As of right now I'm cycling if gas runs out.


----------



## bunkerbob (Sep 29, 2009)

longtime said:


> I look at this thread as what are you going to do when gasoline runs out. For me, nothing. I have a car that runs on natural gas, CNG. I also have a gas well and compressor, so fuel is not a problem. I know most do not have a gas well, but a lot of cities have CNG filling station. CNG should be given some thought as a secondary fuel source. Also locally CNG is $1.69 gal. and in some parts of the US it still below $1.00.


You make me extremely jealous. You could set up a trading post after:shtf: call it *LONGTIMES FUEL DEPOT*:2thumb:


----------



## longtime (Nov 22, 2009)

bunkerbob said:


> You make me extremely jealous. You could set up a trading post after:shtf: call it *LONGTIMES FUEL DEPOT*:2thumb:


I know CNG is widely available in S California from all the CNG cars for sale from S. California.
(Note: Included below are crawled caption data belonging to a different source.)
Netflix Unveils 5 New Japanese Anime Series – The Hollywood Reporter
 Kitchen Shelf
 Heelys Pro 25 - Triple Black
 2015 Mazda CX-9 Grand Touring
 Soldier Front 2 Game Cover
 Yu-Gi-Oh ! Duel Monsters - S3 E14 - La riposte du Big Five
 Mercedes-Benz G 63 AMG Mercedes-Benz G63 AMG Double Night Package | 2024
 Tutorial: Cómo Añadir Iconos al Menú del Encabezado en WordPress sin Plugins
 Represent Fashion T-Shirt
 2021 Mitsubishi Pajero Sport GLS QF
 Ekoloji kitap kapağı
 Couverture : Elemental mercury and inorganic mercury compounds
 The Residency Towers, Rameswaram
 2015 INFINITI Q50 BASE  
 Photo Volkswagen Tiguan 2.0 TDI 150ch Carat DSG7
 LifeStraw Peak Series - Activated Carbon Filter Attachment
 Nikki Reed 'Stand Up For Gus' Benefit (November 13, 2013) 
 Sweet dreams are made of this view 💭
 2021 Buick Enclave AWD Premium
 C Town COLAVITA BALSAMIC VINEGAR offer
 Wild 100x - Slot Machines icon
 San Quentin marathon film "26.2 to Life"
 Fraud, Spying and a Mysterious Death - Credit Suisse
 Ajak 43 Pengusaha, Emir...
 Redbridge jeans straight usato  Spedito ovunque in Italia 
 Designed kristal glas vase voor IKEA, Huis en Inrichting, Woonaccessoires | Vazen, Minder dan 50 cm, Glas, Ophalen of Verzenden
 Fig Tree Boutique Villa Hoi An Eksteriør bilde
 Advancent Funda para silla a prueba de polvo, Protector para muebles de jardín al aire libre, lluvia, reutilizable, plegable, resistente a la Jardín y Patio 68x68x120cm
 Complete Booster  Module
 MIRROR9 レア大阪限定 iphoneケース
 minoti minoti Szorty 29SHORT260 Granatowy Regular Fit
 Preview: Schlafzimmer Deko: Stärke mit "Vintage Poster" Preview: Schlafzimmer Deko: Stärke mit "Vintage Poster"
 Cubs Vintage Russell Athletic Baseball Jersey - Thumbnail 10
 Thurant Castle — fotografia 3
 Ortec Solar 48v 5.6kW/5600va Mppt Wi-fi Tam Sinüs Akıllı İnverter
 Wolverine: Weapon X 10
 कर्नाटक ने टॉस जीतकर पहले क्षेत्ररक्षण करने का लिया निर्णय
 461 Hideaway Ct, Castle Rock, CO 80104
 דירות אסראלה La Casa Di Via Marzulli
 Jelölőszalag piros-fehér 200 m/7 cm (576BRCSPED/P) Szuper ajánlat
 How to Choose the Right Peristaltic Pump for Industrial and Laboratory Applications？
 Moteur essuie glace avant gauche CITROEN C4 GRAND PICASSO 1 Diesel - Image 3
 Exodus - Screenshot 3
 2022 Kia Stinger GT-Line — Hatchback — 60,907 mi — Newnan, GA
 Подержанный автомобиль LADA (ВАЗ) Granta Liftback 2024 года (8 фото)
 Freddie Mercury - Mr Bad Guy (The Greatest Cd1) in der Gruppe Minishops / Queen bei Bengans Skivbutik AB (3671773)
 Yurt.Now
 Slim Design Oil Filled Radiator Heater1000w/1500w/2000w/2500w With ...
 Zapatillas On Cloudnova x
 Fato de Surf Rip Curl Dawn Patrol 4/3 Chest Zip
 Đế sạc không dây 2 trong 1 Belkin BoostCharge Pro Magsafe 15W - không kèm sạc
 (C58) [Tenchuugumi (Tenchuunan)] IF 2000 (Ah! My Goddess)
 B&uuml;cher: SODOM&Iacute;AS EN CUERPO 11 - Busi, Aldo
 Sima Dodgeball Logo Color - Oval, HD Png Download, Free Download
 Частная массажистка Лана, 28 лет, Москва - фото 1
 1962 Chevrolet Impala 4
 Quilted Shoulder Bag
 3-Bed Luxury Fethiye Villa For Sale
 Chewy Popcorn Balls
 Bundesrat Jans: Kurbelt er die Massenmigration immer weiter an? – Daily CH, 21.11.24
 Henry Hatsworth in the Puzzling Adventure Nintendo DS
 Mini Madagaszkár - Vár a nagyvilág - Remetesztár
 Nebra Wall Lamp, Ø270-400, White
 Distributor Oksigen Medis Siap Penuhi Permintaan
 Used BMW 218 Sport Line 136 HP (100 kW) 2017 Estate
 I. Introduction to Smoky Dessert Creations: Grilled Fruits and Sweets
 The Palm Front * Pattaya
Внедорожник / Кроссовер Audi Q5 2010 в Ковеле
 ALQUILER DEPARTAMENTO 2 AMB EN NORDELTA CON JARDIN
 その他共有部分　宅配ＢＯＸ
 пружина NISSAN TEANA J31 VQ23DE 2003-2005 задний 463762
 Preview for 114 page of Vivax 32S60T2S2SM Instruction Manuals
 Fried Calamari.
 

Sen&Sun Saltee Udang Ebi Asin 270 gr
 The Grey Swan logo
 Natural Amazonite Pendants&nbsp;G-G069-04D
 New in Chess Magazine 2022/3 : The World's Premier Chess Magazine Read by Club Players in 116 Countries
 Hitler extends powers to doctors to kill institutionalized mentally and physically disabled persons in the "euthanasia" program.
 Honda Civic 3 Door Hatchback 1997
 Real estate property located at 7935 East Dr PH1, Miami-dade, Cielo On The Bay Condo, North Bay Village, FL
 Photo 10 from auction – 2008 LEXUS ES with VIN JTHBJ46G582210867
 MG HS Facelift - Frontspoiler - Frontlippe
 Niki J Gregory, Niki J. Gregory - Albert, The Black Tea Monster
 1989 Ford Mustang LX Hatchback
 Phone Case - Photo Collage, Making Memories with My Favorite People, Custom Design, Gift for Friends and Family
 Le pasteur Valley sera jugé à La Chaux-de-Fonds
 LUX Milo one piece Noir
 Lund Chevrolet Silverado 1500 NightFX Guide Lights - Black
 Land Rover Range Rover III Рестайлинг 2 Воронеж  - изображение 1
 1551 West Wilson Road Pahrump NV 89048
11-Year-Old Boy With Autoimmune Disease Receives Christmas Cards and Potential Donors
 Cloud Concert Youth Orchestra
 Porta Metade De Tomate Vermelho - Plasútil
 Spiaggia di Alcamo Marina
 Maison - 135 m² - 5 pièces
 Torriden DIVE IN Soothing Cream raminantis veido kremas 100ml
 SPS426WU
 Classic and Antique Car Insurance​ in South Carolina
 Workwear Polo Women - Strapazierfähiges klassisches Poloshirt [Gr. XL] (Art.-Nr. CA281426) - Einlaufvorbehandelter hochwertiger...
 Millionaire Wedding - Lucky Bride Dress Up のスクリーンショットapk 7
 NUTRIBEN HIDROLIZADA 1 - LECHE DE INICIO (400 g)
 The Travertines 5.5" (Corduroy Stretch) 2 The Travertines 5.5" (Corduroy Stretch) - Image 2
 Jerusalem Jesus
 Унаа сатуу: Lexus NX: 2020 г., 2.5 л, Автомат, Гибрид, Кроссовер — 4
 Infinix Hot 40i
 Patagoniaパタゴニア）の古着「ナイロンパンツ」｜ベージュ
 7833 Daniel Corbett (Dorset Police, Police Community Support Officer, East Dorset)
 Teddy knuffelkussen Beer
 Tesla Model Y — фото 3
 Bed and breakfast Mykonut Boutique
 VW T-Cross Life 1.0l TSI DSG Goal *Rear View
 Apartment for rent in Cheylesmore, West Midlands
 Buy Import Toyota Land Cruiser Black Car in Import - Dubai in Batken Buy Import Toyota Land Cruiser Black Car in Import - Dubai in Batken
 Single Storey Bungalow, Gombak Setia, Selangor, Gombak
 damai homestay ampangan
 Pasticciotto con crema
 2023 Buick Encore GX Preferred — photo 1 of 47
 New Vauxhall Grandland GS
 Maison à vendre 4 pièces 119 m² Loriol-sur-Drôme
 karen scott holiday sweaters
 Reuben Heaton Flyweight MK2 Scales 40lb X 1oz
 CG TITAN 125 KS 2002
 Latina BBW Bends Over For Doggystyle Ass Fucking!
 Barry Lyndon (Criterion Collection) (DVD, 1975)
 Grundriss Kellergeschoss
I did not know I had natural gas until I stumbled on an old commercial well, then I checked with a driller and he all but guaranteed gas for my needs. You might check, you could have the same thing. I think that the mineral rights are different in California, so you need to check to see who owns the gas first. Most people here don't know gas is widely available to them if they have at least 5 acres to meet drilling set backs.


----------



## robharball (Jun 8, 2011)

*Gasland,movie by josh fox*

The thought that ng is the answer,to the oil crisis,is an idea that being pushed by the oil companies.that say's it all!


----------



## longtime (Nov 22, 2009)

I don't care who pushes it. CNG is $1.19 GGE right now and I have a gas well as well.

I would think anyone on this forum would welcome a secondary fuel source (at a 1/3 the cost of gasoline)if practical.


----------



## The_Blob (Dec 24, 2008)

robharball said:


> The thought that ng is the answer,to the oil crisis,is an idea that being pushed by the oil companies.that say's it all!


you bothered to resurrect an EIGHTEEN MONTH OLD thread & make THIS your 1st post?... 

not only is it dis(mis)informative, it's non-contributive as opposed to debating the topic & semi-abusive...

please read the rules of the forum before people call for the troll-banishing hammer


----------